According to Democrats, Donald Trump is in deep trouble with the law. They point to the retention of private lawyers by Mike Pence, Jeff Sessions, and Jared Kushner as proof that the allegations of collusion made by Democrats “could be a big deal.” However, Trump “believes that he’s the victim of a Democratic conspiracy to oust him from the White House. OK, now it’s out in the open. Thing is, he’s probably correct. When Green Party candidate Jill Stein challenged the vote count in a number of critical states, alleging un-specified “irregularities” and “Russian interference” with the vote count, money from aggrieved Clinton supporters poured in. Trump foolishly challenged the reports of the intelligence services on Russian hacking. They responded with sun-burned “amour propre” by leaking secret information to embarrass the president. So far, there exists no actual evidence of collusion between the Trump campaign and the Russians. Not even “circumstantial evidence.” If there was no collusion, then it will be a stretch for prosecutors to prove that Trump “obstructed justice” rather than just tried to get James Comey to act the way a decent human being outside the Beltway might do. Most of the quoted criticism comes from the New York Times, the New Yorker, and New York Magazine.

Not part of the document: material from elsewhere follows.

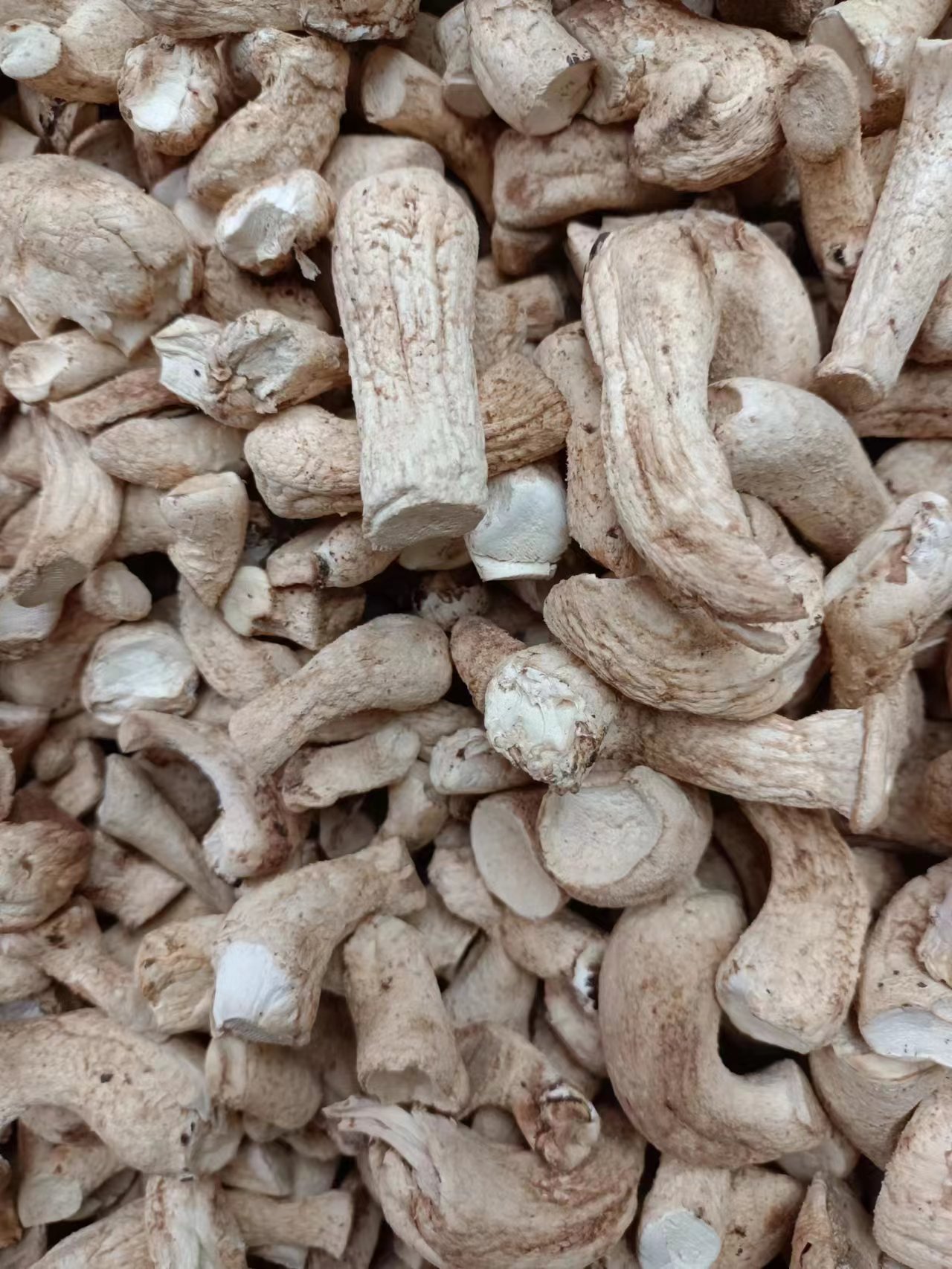 微信图片_20221206181107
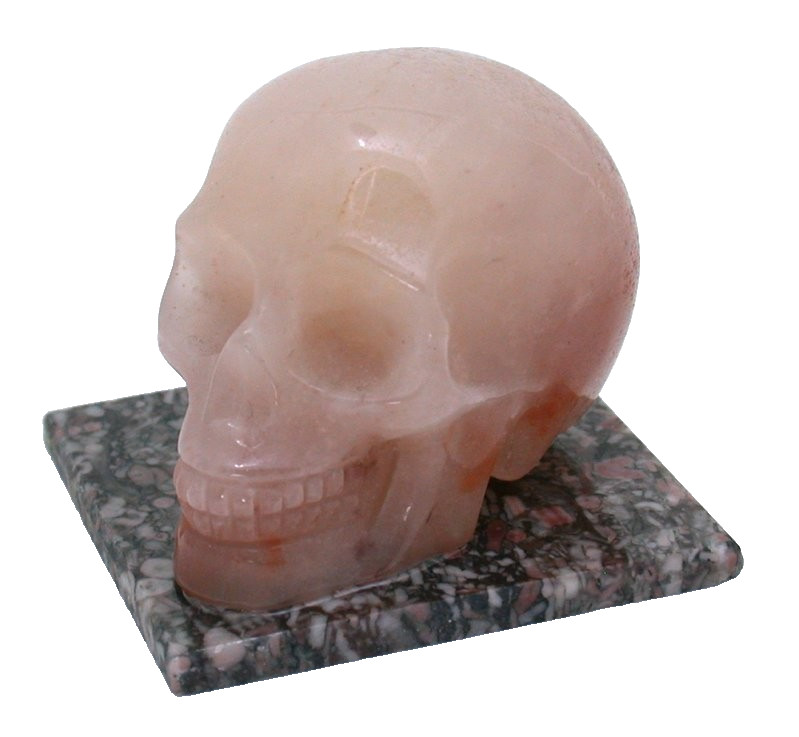 101 Gram 1 3/5 x 2 x 1 2/5 Inch Agate Skull Carving On Fossil Base EC43/9625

Partly, this reflects the collapse of print journalism in the rest of the United States. Fewer points of view are represented. Partly, it reflects the bifurcation of the United States into bi-coastal Democratic islands and “heartland” Republicans. All the same, for a long time lots of Republicans believed that President Richard Nixon could not have broken the law. We live in an ugly political season.
 This includes a Montana race where the Republican won despite (because of?) body-slamming a reporter.
 “GOP holds seat in high-stakes Georgia election,” The Week, 30 June 2017, p. 5.
 As many scholars have demonstrated, race wasn’t the issue that caused Democratic decline in the South.
 “Trump goes on attack against special counsel,” The Week, 30 June 2017, p. 4.
 Being a fool is no legal bar to running in or winning a presidential election. Look at Ted Kennedy or Jimmy Carter or George W. Bush or Mitt Romney.
 Good luck with that. Embarrassing the president I mean. Still, it is difficult to understand the American intelligence community’s leaks of information about the Manchester, Britain, bombing while President Trump was en route to meet with Prime Minister Theresa May as anything other than a jab at the president.
 That is, I may yet have to eat this line of reasoning.